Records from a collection
:::

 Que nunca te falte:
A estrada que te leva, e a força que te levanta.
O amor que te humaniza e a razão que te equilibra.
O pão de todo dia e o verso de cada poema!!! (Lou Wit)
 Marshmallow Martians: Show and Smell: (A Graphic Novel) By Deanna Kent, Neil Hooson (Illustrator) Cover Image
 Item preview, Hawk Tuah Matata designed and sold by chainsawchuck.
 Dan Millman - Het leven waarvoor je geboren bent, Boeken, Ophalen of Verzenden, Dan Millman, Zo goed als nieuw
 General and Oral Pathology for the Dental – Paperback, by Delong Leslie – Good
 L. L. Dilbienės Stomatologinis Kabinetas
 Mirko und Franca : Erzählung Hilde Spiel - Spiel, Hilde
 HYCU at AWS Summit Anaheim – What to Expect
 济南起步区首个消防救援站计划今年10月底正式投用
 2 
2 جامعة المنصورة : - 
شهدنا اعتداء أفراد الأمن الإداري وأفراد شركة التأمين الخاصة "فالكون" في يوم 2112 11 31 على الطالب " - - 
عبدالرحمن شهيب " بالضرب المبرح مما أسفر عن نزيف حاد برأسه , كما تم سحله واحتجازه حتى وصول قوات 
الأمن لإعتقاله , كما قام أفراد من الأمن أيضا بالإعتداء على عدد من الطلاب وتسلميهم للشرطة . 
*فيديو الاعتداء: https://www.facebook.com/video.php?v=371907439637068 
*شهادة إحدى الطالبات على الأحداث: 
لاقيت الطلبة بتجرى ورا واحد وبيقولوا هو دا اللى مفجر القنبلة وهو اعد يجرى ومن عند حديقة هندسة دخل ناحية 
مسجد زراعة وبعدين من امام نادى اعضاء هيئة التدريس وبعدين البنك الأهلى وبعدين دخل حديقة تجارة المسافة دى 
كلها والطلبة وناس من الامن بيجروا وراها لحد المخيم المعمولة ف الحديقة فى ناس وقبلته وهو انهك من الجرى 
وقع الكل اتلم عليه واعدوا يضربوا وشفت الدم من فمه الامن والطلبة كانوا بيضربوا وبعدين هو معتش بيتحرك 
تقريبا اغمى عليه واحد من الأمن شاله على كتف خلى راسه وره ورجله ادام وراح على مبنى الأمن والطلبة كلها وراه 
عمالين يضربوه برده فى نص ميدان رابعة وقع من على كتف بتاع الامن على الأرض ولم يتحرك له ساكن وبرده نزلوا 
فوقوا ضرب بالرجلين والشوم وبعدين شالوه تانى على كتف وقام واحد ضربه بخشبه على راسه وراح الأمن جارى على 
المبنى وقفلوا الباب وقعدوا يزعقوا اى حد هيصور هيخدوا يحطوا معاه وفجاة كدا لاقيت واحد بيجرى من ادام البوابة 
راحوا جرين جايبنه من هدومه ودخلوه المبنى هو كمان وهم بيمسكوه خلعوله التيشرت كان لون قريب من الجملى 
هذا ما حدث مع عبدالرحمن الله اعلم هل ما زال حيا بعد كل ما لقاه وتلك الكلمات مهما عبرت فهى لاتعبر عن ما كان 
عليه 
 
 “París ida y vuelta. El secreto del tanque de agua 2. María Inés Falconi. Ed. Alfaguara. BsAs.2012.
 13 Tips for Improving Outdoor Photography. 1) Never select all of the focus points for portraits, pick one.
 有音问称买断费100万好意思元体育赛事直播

:::

• [What the task asks]:
If a line of the records above includes the word "وبعدين", count it; state the final number with no other words.

• [Final answer]:
3